- Born: Unknown Mengcheng, Anhui, Qing Empire
- Died: 19 November 1867 Ganyu, Jiangsu, Qing Empire
- Allegiance: Qing Empire (to 1855) Nien Rebellion (to 1867)
- Service years: 1856–1867
- Conflicts: Battle of Sanhe (1858); Battle of Guanzhong (1861)-1863; Battle of Hubei (1864); Battle of Inlon river(1867);

= Ren Zhu =

Ren Zhu (任柱; died November 1867), born in Mengcheng Anhui, China was an eminent military leader of the Nien Rebellion who was known during his military tenure as the King of Lu (魯王). He led Nien (捻軍) forces to many military victories. Li Hongzhang praised Ren Zhu's ability to command hundreds of thousands of cavalry.
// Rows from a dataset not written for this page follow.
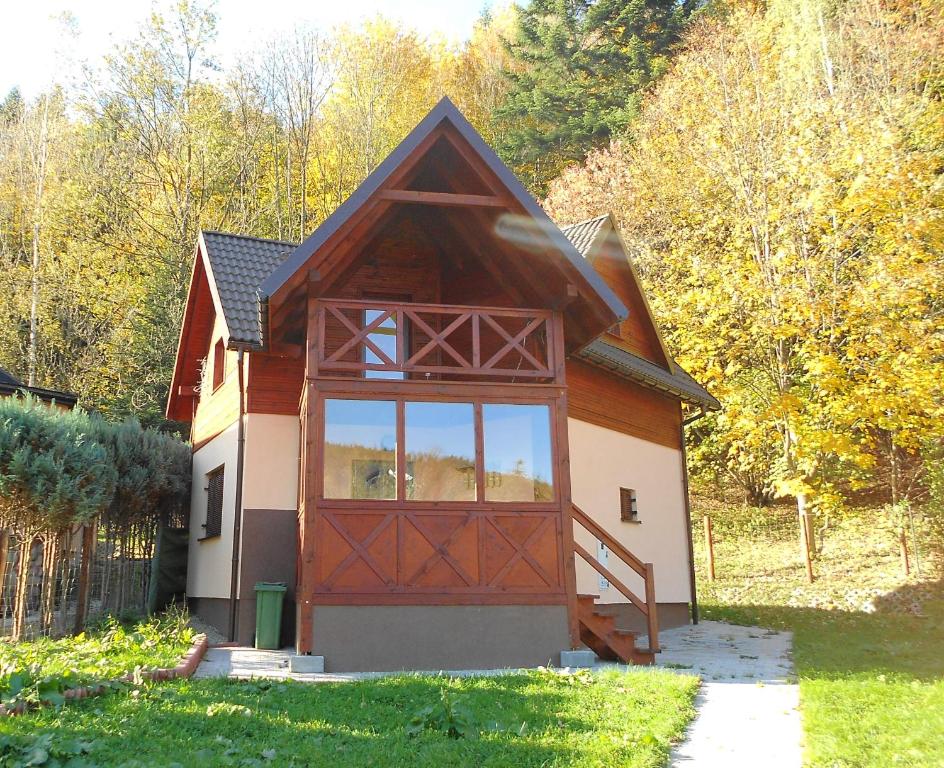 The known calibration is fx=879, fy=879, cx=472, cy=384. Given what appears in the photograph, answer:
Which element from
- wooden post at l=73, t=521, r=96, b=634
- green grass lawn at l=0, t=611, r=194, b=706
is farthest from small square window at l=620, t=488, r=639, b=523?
wooden post at l=73, t=521, r=96, b=634

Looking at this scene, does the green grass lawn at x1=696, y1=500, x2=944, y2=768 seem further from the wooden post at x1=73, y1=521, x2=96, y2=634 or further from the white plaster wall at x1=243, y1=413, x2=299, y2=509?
the wooden post at x1=73, y1=521, x2=96, y2=634

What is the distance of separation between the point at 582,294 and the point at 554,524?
9.30 ft

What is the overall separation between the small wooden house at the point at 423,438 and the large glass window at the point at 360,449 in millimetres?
23

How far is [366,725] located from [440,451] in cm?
432

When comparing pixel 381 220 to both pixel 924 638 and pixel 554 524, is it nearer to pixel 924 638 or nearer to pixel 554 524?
pixel 554 524

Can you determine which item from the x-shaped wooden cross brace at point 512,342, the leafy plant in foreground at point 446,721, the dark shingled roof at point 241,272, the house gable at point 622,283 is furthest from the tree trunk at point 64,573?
the house gable at point 622,283

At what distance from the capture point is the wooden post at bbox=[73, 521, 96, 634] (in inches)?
479

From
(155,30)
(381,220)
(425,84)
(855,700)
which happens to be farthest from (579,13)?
(855,700)

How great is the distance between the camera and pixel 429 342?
1137 centimetres

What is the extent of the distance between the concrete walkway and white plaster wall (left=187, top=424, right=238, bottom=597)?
649 centimetres

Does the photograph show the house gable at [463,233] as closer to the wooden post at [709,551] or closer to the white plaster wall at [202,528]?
the white plaster wall at [202,528]

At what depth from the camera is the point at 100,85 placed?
79.3ft

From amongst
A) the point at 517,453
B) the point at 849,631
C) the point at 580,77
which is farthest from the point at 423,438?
the point at 580,77

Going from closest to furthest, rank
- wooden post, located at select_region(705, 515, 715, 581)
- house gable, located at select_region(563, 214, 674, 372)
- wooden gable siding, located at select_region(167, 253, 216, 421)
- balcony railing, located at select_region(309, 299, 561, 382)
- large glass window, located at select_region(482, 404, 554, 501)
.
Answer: balcony railing, located at select_region(309, 299, 561, 382)
large glass window, located at select_region(482, 404, 554, 501)
wooden gable siding, located at select_region(167, 253, 216, 421)
house gable, located at select_region(563, 214, 674, 372)
wooden post, located at select_region(705, 515, 715, 581) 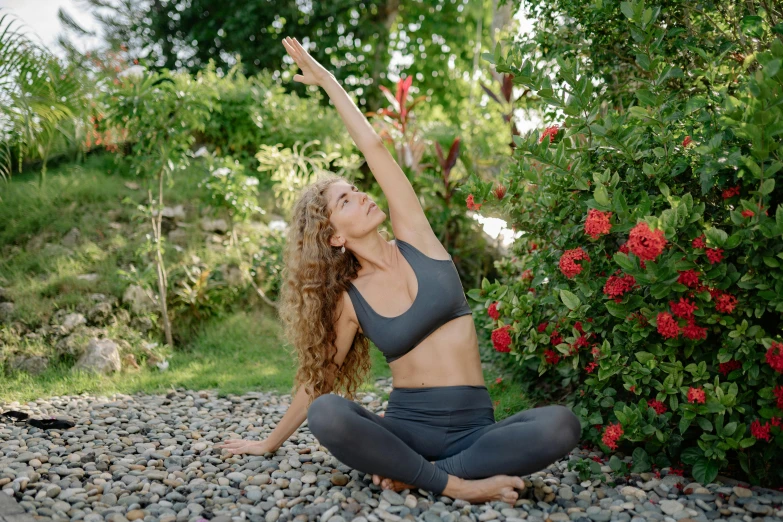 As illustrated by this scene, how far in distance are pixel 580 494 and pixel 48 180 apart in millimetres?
6187

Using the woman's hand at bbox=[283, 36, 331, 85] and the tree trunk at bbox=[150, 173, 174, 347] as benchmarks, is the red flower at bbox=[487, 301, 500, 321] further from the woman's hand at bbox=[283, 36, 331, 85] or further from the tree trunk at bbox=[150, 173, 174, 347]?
the tree trunk at bbox=[150, 173, 174, 347]

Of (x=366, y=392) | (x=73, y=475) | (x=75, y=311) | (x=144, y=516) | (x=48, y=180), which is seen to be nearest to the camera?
(x=144, y=516)

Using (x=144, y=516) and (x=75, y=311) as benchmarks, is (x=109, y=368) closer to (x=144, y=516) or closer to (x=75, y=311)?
(x=75, y=311)

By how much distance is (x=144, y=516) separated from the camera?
245 centimetres

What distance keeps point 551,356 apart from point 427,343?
34.0 inches

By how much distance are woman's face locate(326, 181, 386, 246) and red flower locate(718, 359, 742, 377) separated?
1435 mm

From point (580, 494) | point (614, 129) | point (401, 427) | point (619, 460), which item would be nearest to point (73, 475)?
point (401, 427)

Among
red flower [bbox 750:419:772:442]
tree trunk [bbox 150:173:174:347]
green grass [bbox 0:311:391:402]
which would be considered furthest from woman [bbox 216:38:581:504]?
tree trunk [bbox 150:173:174:347]

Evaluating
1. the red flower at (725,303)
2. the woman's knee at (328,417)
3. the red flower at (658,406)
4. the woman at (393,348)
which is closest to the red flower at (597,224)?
the red flower at (725,303)

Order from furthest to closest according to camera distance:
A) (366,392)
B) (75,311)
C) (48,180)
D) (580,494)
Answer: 1. (48,180)
2. (75,311)
3. (366,392)
4. (580,494)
In May 1865, during a campaign against the Qing in Shandong, he shot the Qing general Sengge Rinchen during the Battle of Gaolouzhai, which sent a shock to the Qing Dynasty and resulted in the promotion of field marshal Zeng Guofan to commander of the Huai Army, Li Hongzhang.

In June 1865, he with Lai Wenguang, he commanded the Nien cavalry forces numbering 90,000 in surrounding and attacking the capital of Beijing, which was nearly successful. He died in battle in Ganyu in November 1867, killed by the Qing dynasty general Liu Mingchuan.